Networks were constructed with the SPRING method in NetCoMi’s netConstruct function (NetCoMi v1.1.0)63,64, restricting to the 200 most prevalent genera and exploring 20 values of the regularization parameter (nlambda = 20, rep.num = 10, thresh = 0.05, Rmethod = “approx”) on signed dissimilarities. The resulting microNet objects were characterized using netAnalyze, applying Louvain community detection, identifying hub taxa via eigenvector centrality, reporting unnormalized degree centrality on the LCC, and computing graphlet orbit counts together with the Graphlet Correlation Matrix (GCM) for that component. To highlight treatment-specific shifts in network micro-architecture, we calculated the difference between the dolutegravir and darunavir/ritonavir GCMs (ΔGCM = GCM_dolutegravir – GCM_darunavir/ritonavir) and visualized this differential matrix as a single heatmap, with statistical significance of Δρ values assessed by FDR-adjusted Spearman tests.

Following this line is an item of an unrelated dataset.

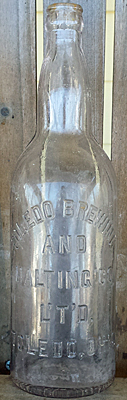 TOLEDO BREWING AND MALTING COMPANY LIMITED EMBOSSED BEER BOTTLE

Software and reproducibility

All analyses were conducted in R (v4.5.0) using packages from the Bioconductor (v3.21) and CRAN repositories. Scripted workflows were version-controlled with Git, and data processing pipelines were documented using Quarto notebooks, ensuring transparency. Parallel computing was leveraged via the BiocParallel or future R packages. R Session Info and packages are provided in each Quarto notebook to facilitate reproducibility.

Ethics approval and consent to participate

This study was approved by the institutional ethical review board of the participating institutions (Reference HCB/2014/0905) and by the Spanish Regulatory Authorities (EudraCT 2014-002281-70). All participants provided written informed consent in accordance with the principles expressed in the Declaration of Helsinki and local personal data protection law (LOPD 15/1999).

Reporting summary

Further information on research design is available in the Nature Portfolio Reporting Summary linked to this article.